Face do exposto, os consumos de eletricidade fornecidos através de postos de carregamento, faturados a sujeitos passivos portugueses por entidades residentes noutros Estados relativamente a carregamentos (consumos) de energia nesses Estados-membros, não são tributados em Portugal (alínea b) do n.º 5 do artigo 6.º do CIVA), cabendo ao prestador a liquidação do IVA à taxa em vigor no país de consumo.
Relativamente ao IVA suportado na aquisição (interna) de bens (mercadorias, investimentos, combustíveis, etc.) adquiridos noutros Estados-membros, porque se trata de um imposto suportado em operações realizadas fora do território nacional, não poderá ser objeto de dedução nos termos dos artigos 19.º e seguintes do CIVA.
Assim, se o sujeito passivo português que suportou imposto pago num país da comunidade, caso não tenha aí registo para efeitos de IVA, só poderá ser ressarcido desses valores através do pedido de reembolso. Se estiver registado no país em causa poderá, nos termos da legislação vigente nesse país, exercer o direito à dedução desse imposto (nesse país).

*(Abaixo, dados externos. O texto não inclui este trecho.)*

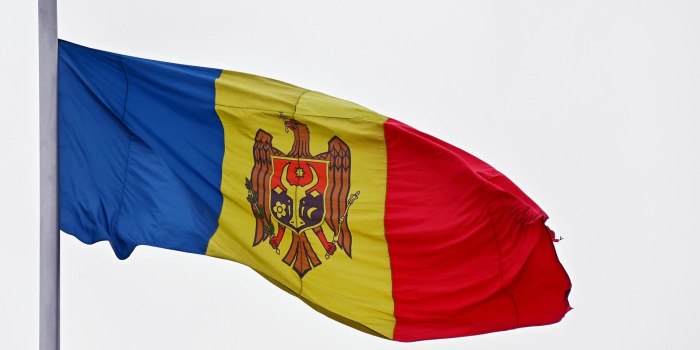 Флаг Молдавии 2022 год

Neste âmbito, os sujeitos passivos estabelecidos no território nacional podem solicitar o reembolso do IVA suportado noutros Estados-membros, nos termos dos artigos 1.º ao 4.º do regime de reembolso do IVA a sujeitos passivos não estabelecidos no Estado-membro do reembolso, aprovado em anexo ao Decreto-Lei n.º 186/2009, de 12 de agosto, que transpôs para o direito interno a diretiva n.º 2008/9/CE, do Conselho, de 12 de fevereiro.

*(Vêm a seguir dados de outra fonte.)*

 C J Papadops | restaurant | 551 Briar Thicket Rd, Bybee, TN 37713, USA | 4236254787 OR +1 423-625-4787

Especificamente quanto aos procedimentos relacionados com o procedimento eletrónico para os pedidos de reembolso, aconselhamos a consulta das FAQ nesta ligação.

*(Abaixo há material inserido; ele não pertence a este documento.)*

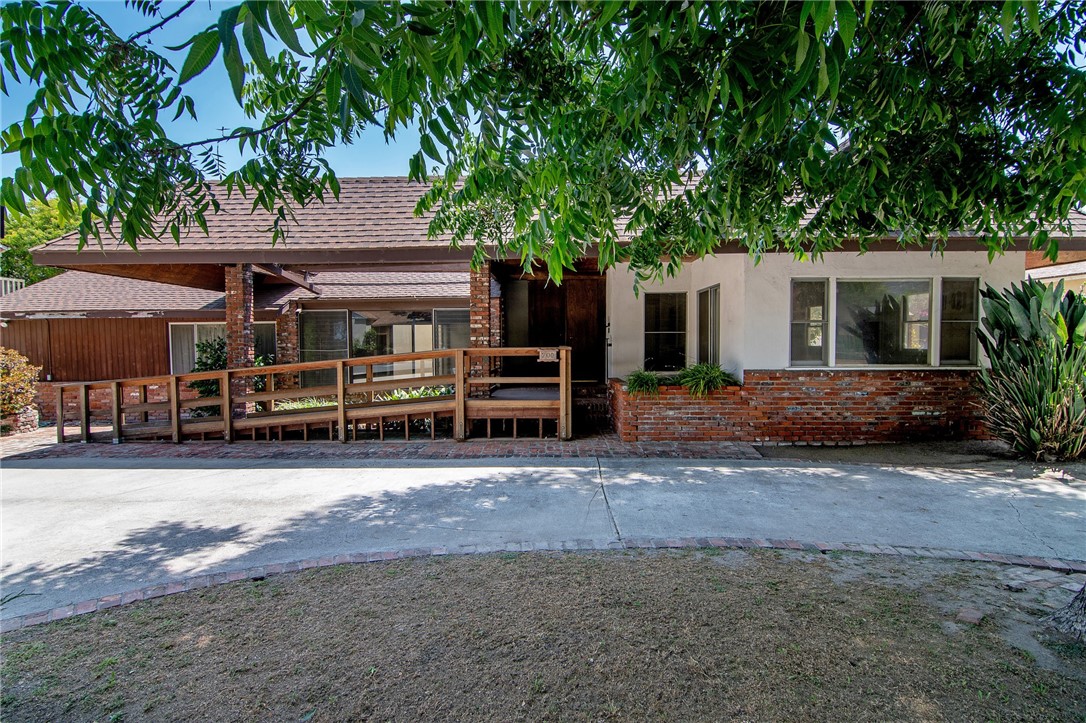 700 S Mariposa Street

Em termos de IRC, temos de ter em atenção o que nos diz a Circular n.º 14/2008, de 11 de julho.
Esta Circular refere-nos que «sempre que não seja exercido o direito ao reembolso do IVA, o montante do IVA contabilizado como custo não é dedutível para efeitos de determinação do lucro tributável em IRC, porque não se verifica o requisito exigido pelo n.º 1 do artigo 23.º do respetivo Código.»
Assim, em termos contabilísticos existem duas hipóteses possíveis:
- Ou não se pretende solicitar o reembolso desse imposto, nessa altura o IVA suportado vai onerar o respetivo gasto que o originou e será acrescido ao valor do gasto relativo à sua natureza, ou seja, pelo seu valor total (IVA incluído).
- Ou, sabe-se à partida que irá ser solicitado o reembolso deste imposto, pelo que, desde logo a importância suportada deverá ser relevado numa conta 24 - Estado e outros entes públicos, mais propriamente numa subconta da conta mais propriamente numa subconta da conta 247 - IVA - Reembolsos pedidos a outros Estados-membros cuja denominação poderá ser o país onde o reembolso vai ser pedido. Note que, as subcontas 243x respeitam apenas a IVA nacional
Sempre que não seja exercido esse direito ao reembolso (sendo esse reembolso possível), o montante do IVA contabilizado como gasto não é dedutível para efeitos de determinação do lucro tributável em IRC, porque não se verifica o requisito exigido pelo n.º 1 do artigo 23.º do respetivo Código, terá que ser acrescido no quadro 07 da declaração modelo 22.
Sendo exercido esse direito, o IVA suportado nas condições referidas, será restituído pelo que naturalmente não fará parte dos gastos do sujeito passivo.